В поисках полутонов - страница 6



Когда я пришла учиться в Алтайское художественное училище, у меня был замечательный педагог – Александр Петрович Ботев8. Звали мы его Сандро Боттичелли. Великолепный алтайский художник, к сожалению, уже ушедший из жизни. Все девчонки курса были в него немножко влюблены. А моя подруга впоследствии вышла за него замуж. Но я – про живопись, а он был настоящим живописцем – интересным, узнаваемым. Его работы до сих пор меня вдохновляют. Александр Петрович мне говорил: «Тебя Бог поцеловал». При этом воспитывал по-отечески и часто ругал. Но наставления, как выяснилось, я смогла оценить гораздо позже.

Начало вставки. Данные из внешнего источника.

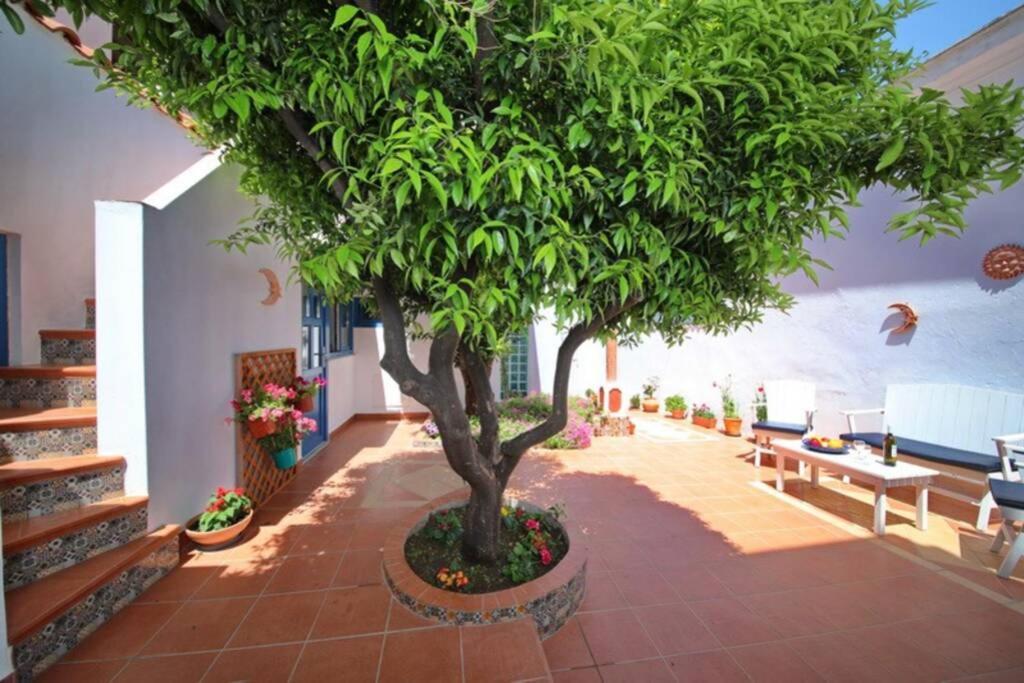 Philoxenia Guest House Skopelos Extérieur photo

В училищной аудитории во время занятий живописью стоял жуткий запах растворителя, потому что комната была не такая уж большая, а нас пятнадцать человек (меня часто тошнило от этого запаха, думала, придется бросить профессию, но привыкла). Мольберты стояли тесно друг к другу. Мы писали натюрморты, натуру, даже обнаженку, и это были мои самые счастливые живописные дни. Я впитывала новые знания, училась и не боялась, потому что многого не знала, не понимала. А сейчас, имея за плечами большой багаж опыта, не могу писать свободно и непосредственно. Не получается. Смотрю на свои студенческие работы, по сути дела, ученические, и думаю: «Вот настоящая живопись».

Моими любимыми художниками с юности были Николай Фешин9 и Евсей Моисеенко10. Моисеенко в свое время подражали многие (особенно когда он стал известен и преподавал в Академии им. Репина11 в Санкт-Петербурге), а уж студенты тем паче. Живопись «под Моисеенко». Я тоже пыталась, а еще иногда писала «под Ботева». Как-то раз мы поехали на пленэр в Горный Алтай. Нам выделили помещение в школе – старой деревянной десятилетке. Там была кухня с каменной печью. Приходилось даже в жару в свое дежурство стоять у печи и готовить. Дежурили, конечно, по очереди. Растапливали печь дровами и готовили завтраки, обеды и ужины на восемнадцать человек (группа, которая приехала на пленэр с преподавателем). Мы писали этюды маслом, делали зарисовки, потом сушили и демонстрировали работы в спортивном зале. И вот я стою около этой экспозиции, а кто-то из студентов-одногруппников заходит и говорит: «О, Ботев новый этюд написал!». А я такая гордая: «Нет, не Ботев, это я».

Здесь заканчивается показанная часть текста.